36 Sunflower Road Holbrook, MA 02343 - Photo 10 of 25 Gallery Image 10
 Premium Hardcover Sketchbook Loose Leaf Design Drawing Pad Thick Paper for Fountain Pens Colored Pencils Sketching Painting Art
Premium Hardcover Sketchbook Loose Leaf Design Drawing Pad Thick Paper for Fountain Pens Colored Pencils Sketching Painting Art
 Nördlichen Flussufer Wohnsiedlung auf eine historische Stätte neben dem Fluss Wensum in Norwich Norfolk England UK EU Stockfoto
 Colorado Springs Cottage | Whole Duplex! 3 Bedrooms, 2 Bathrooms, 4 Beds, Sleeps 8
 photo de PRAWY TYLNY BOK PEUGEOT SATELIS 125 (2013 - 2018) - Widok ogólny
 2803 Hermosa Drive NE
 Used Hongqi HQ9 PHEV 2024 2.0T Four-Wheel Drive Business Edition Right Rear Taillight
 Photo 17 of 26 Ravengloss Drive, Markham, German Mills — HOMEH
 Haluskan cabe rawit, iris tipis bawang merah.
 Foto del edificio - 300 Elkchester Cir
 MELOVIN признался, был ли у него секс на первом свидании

* [Work required]
Where the string "Drawing" appears in a line of the listing, copy that line.

* [Result]
 Premium Hardcover Sketchbook Loose Leaf Design Drawing Pad Thick Paper for Fountain Pens Colored Pencils Sketching Painting Art
Premium Hardcover Sketchbook Loose Leaf Design Drawing Pad Thick Paper for Fountain Pens Colored Pencils Sketching Painting Art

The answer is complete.